L’Inhumaine, de Marcel L’Herbier ; la Peste à Florence, d’Otto Rippert ; Berlin, la cité des millions, d’Adolf Trotz ; la Chronique de Grieshuus, d’Arthur von Gerlach. Tels étaient les quatre longs métrages diffusés sur Arte en mai, au cours d’un cycle consacré au cinéma muet. Un cycle exceptionnel, à regarder les grilles des programmes en général. Le plus souvent, en matière de muet, le téléspectateur doit se contenter des premiers films de Chaplin. Et puis c’est tout. Par ailleurs, depuis peu, la chaîne franco-allemande enrichit son offre en proposant sur son site Web (cinema.arte.tv) des films disponibles gratuitement. Cette plate-forme s’est ouverte avec des œuvres majeures de l’histoire du septième art : Intolérance (1916), de David W. Griffith ; le Dernier des hommes (1924), de Friedrich Wilhelm Murnau ; le Cuirassé Potemkine (1925), de Sergueï Eisenstein ; ou encore le Mécano de la General (1926), de Buster Keaton.

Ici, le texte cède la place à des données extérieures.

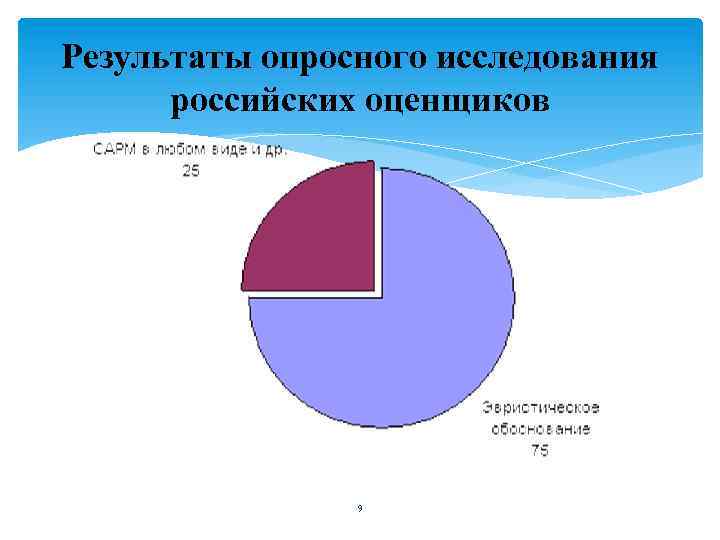 Результаты опросного исследования российских оценщиков 9 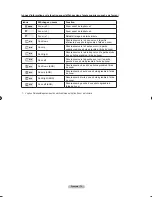 Preview for 175 page of Samsung LN T4053H - 40" LCD TV Owner'S Instructions Manual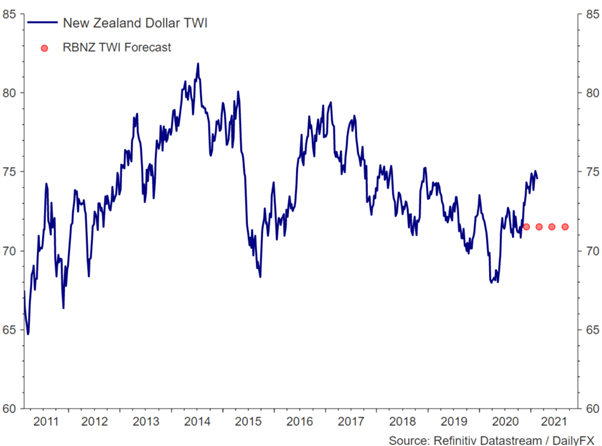 Yeni Zelanda Doları Tahmini: Önümüzdeki Hafta RBNZ ile İşlem Yapmak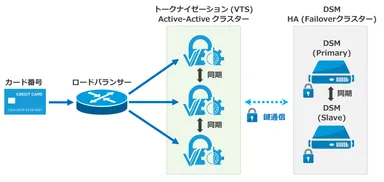 VTSイメージ パフォーマンス／高可用性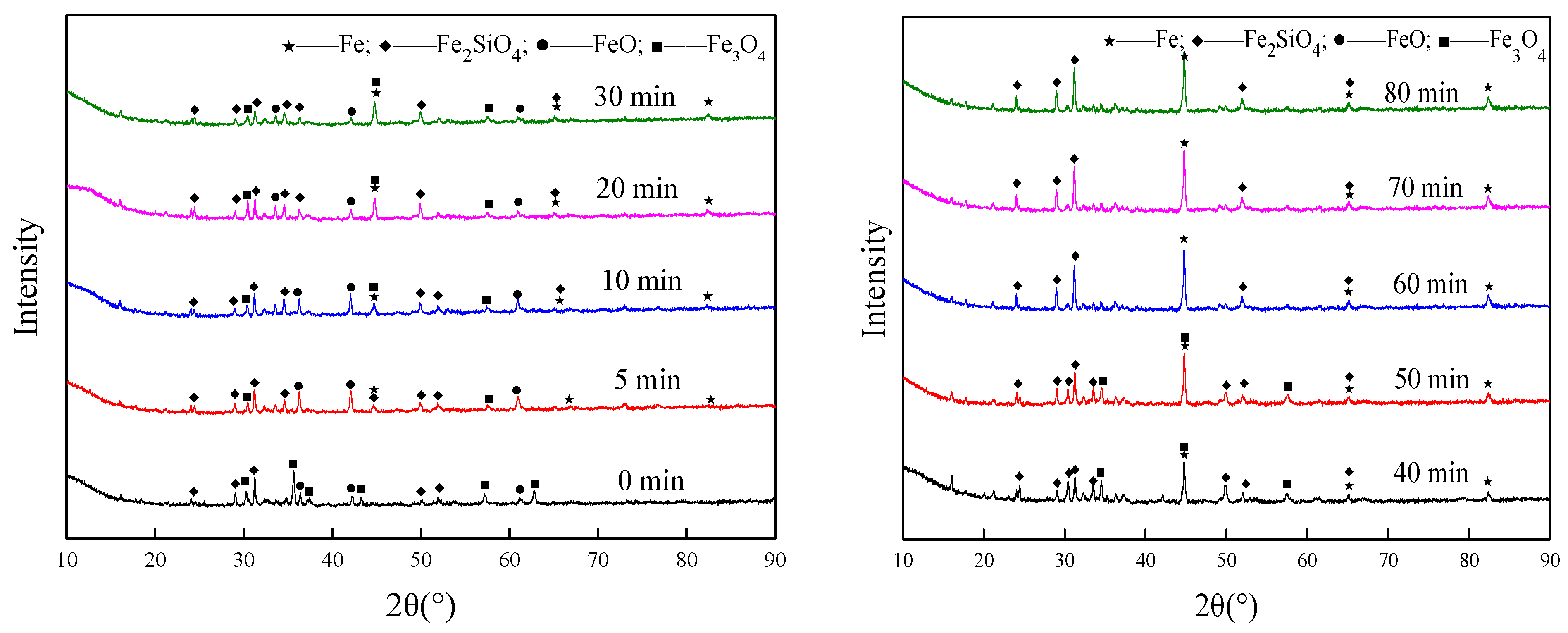 Minerals 12 00548 g005 550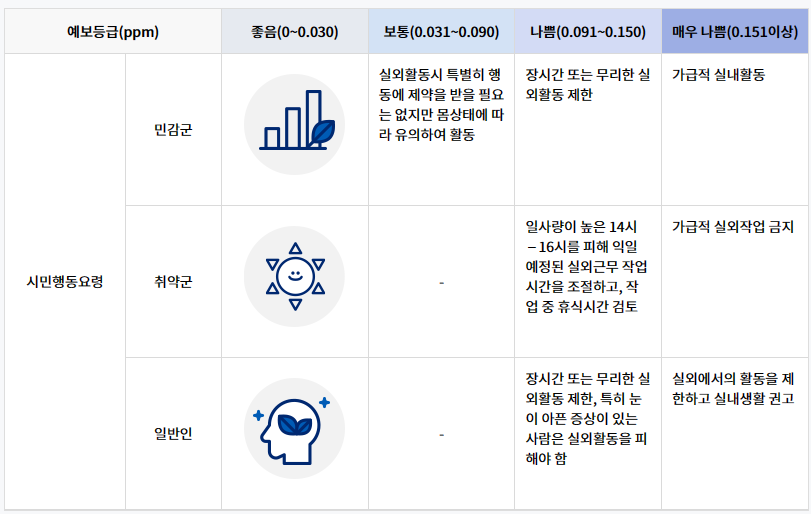 오존경보시 시민행동요령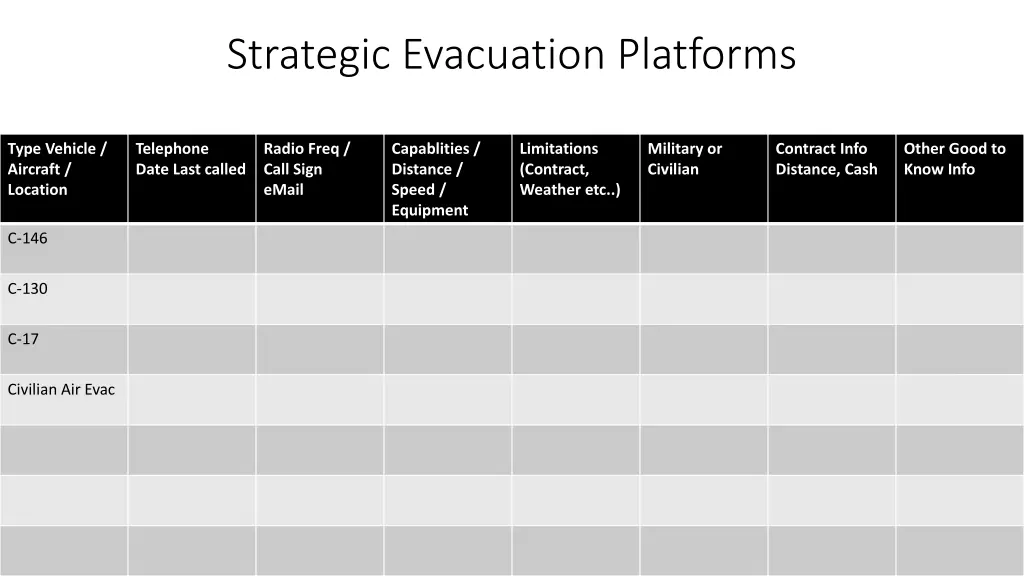 strategic evacuation platforms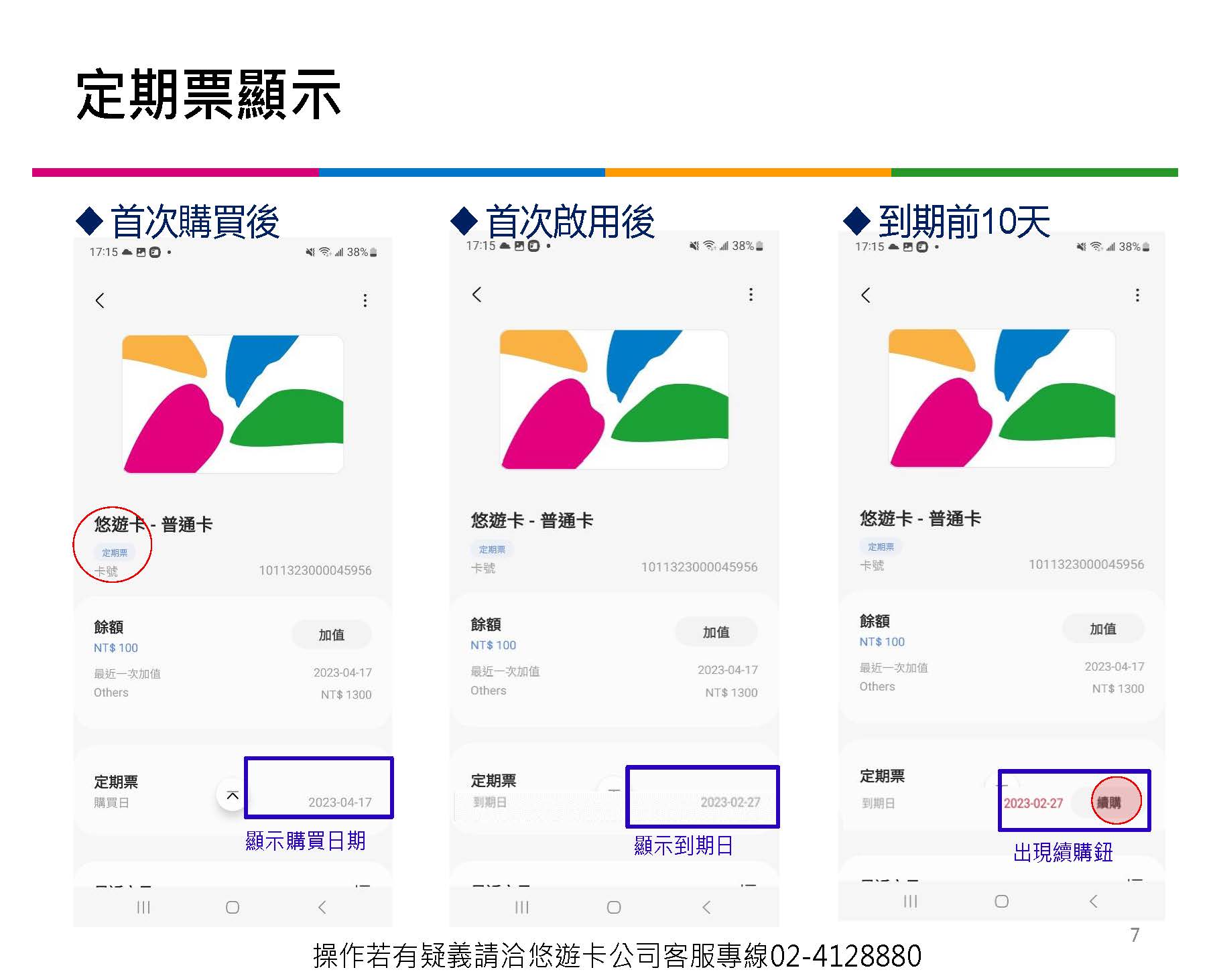 「TPASS行政院通勤月票 基北北桃都會通」完整說明比較 台鐵拉出專屬通道 - 電腦王阿達 「TPASS行政院通勤月票 基北北桃都會通」完整說明比較 台鐵拉出專屬通道 - 電腦王阿達
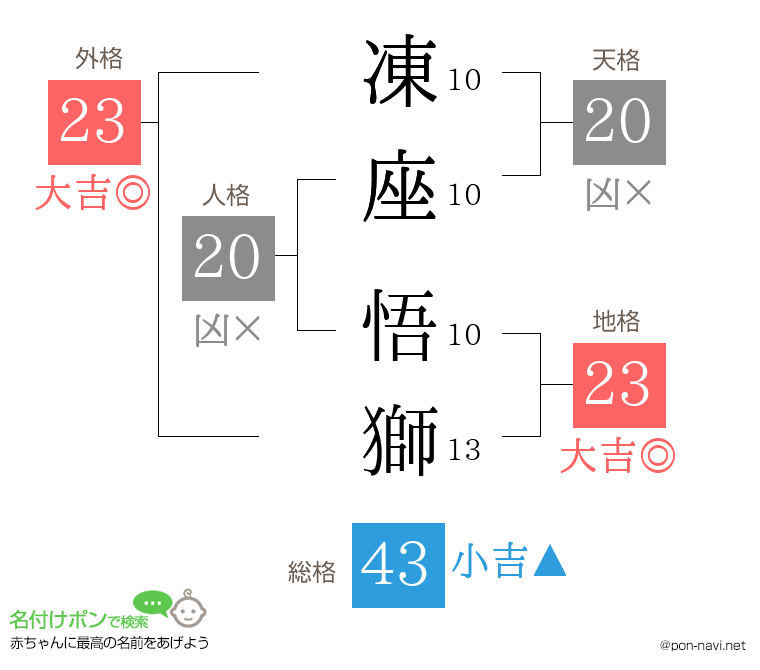 凍座 悟獅さんの姓名判断結果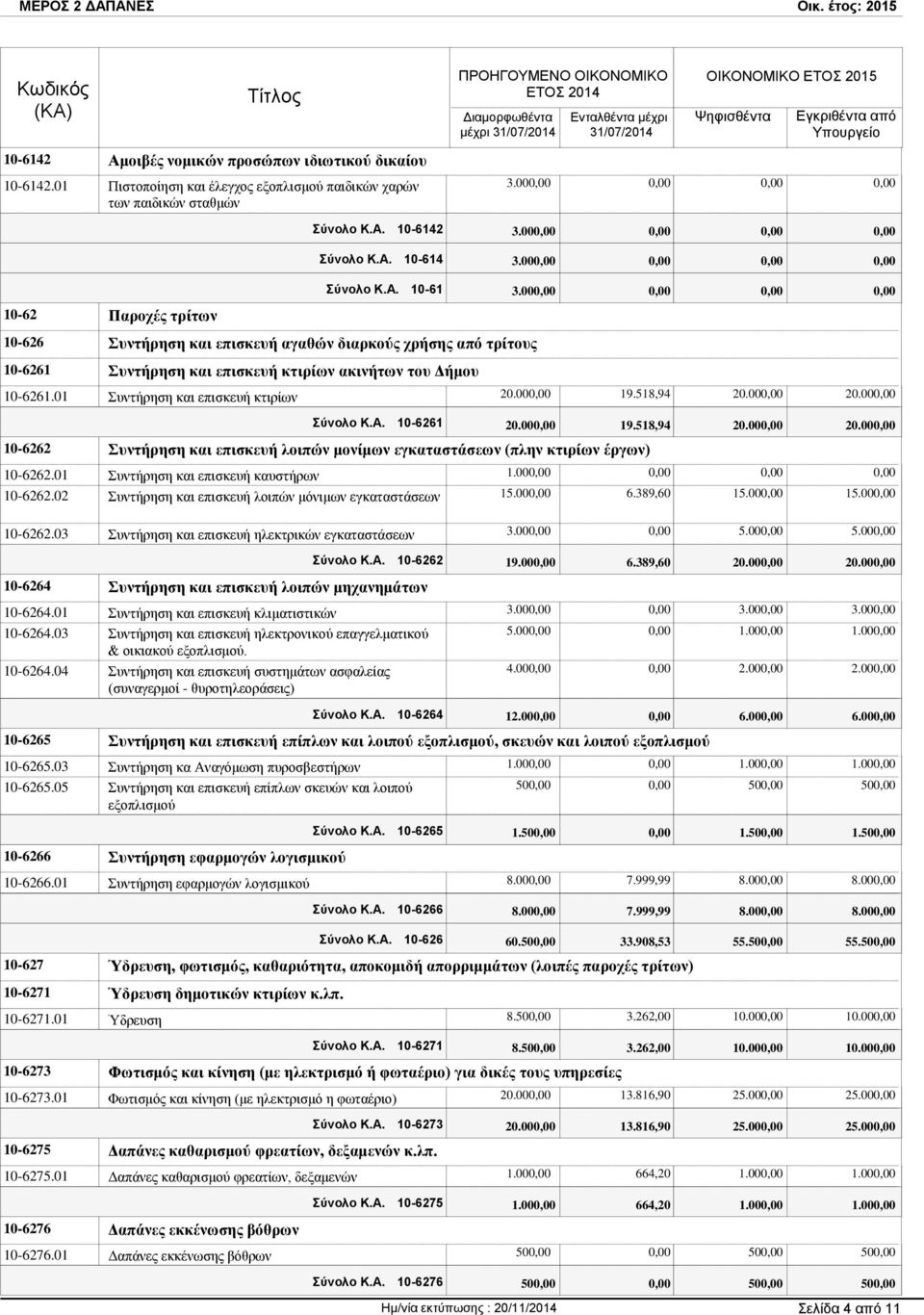 ακινήτων του Δήμου 10-6261.01 Συντήρηση και επισκευή κτιρίων 3.00 Σύνολο Κ.Α. 10-6142 3.00 Σύνολο Κ.Α. 10-614 3.00 Σύνολο Κ.Α. 10-61 3.00 20.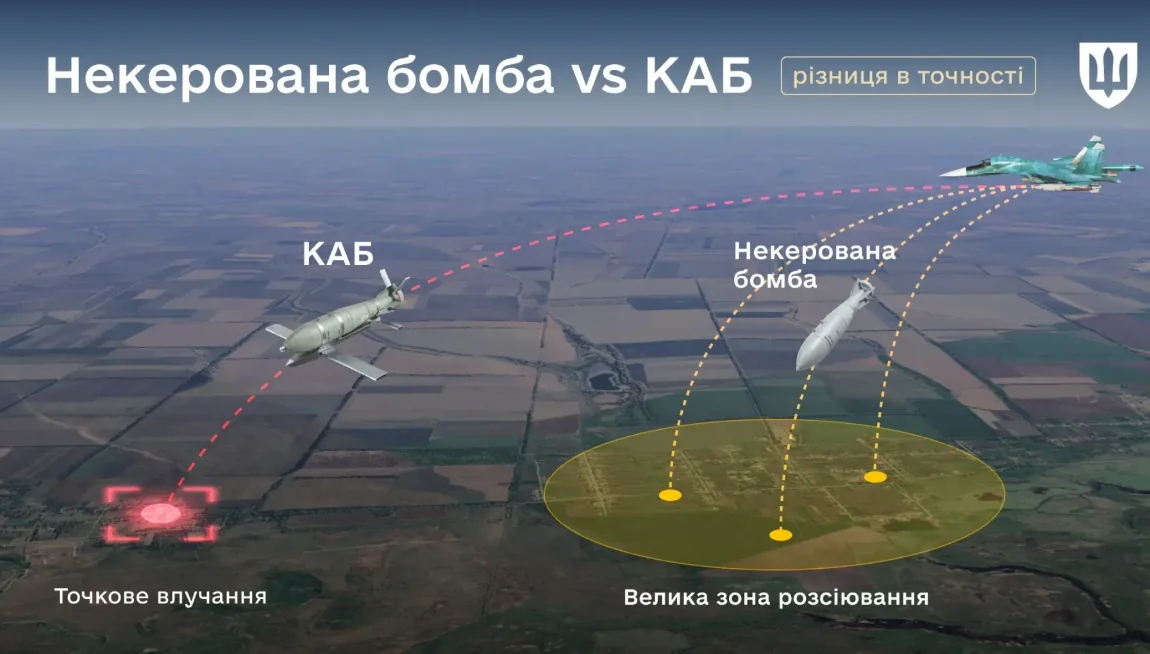 yak zakhystyty Sumy vid KABiv 3 За якою траєкторією летить керована авіабомба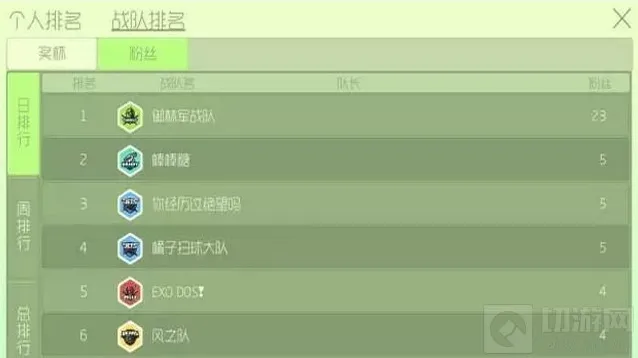 球球大作战里面战队之间怎么比赛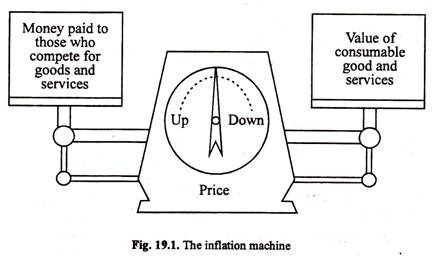 The Inflation Machine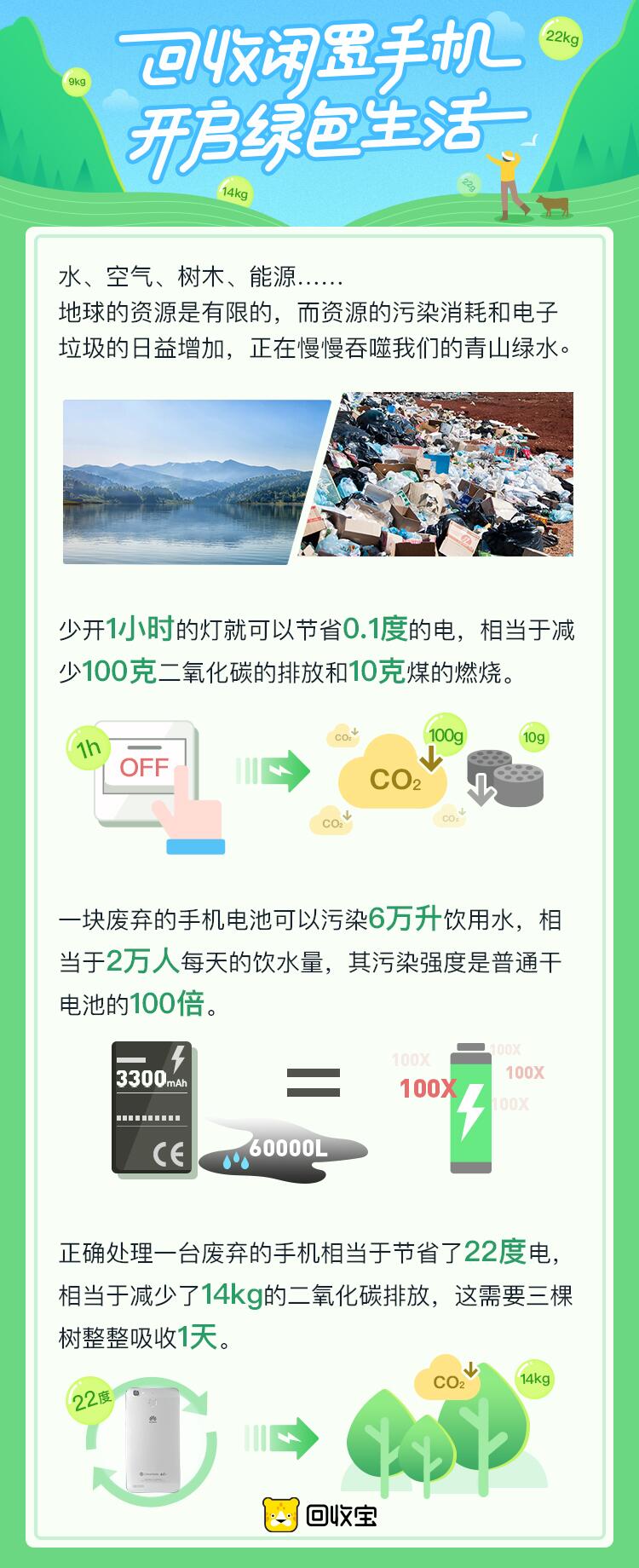 世界地球日，回收寶助力智學計劃公益活動，用愛呵護地球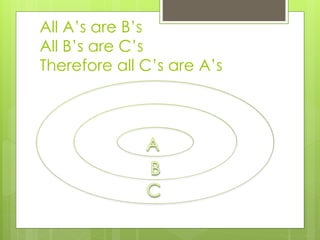 All A’s are B’s 
All B’s are C’s 
Therefore all C’s are A’s 
 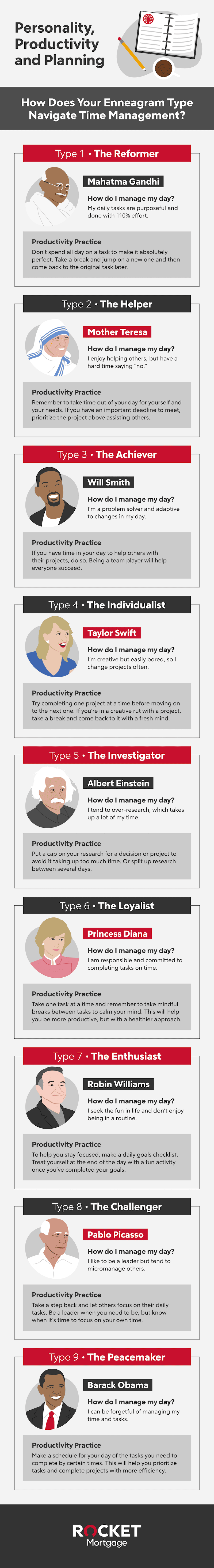 how your Enneagram type navigates time management and the best ways to increase your productivity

Tous les mois, Arte entend ajouter quatre œuvres au catalogue, originaires de quatre pays différents. Suivront ainsi la Charrette fantôme (1921), de Victor Sjöström, la Revue des revues (1927), de Joe Francis, Tempête sur l’Asie (1929), de Vsevolod Poudovkine, Michael (1925), de Carl Dreyer… La chaîne a obtenu les droits pour une diffusion valable une année sur son site. Chaque film, restauré et bénéficiant d’une nouvelle composition musicale, s’accompagne d’une fiche technique sur la conservation et la restauration de l’œuvre, d’une autre sur le contexte de sa réalisation, d’une biographie du metteur en scène, voire du scénariste, et d’une analyse d’une scène emblématique (la scène des escaliers dans Potemkine, celle du canon récalcitrant dans le Mécano ou la chute sociale dans le Dernier des hommes). Bref, une véritable invitation à une leçon d’histoire du cinéma muet. Au reste, cette politique éditoriale n’est pas nouvelle sur la chaîne. Elle a été instaurée dès 1994, avec la volonté de rendre accessible des films du patrimoine et des perles rares, qu’il s’agisse de fictions, de documentaires ou de films d’animation. Des diffusions qui n’imposent pas une colorisation des œuvres, suivant l’idée répandue que le public ne suivrait pas (dans ce sens, si quelques scènes étaient colorées dans l’Inhumaine, de Marcel L’Herbier, elles répondaient aux vœux exprimés par le réalisateur de son vivant). Surtout, on peut s’étonner qu’il n’y ait guère qu’Arte pour programmer régulièrement des films des premières décennies du cinéma (il fut un temps où la case « Cinéma de minuit », sur France 3, en proposait un peu, mais ça, c’était avant). Pourquoi ? Toujours ce postulat des programmateurs que les téléspectateurs ne vont ni au noir et blanc ni au muet. Les audiences leur donneraient raison, « à l’exception peut-être des films de Chaplin mettant en scène le personnage du vagabond ou ceux de Buster Keaton, dont la poésie universelle traverse le temps et continue d’enchanter plusieurs générations de spectateurs », relève Olivier Père, directeur de Cinéma Arte France.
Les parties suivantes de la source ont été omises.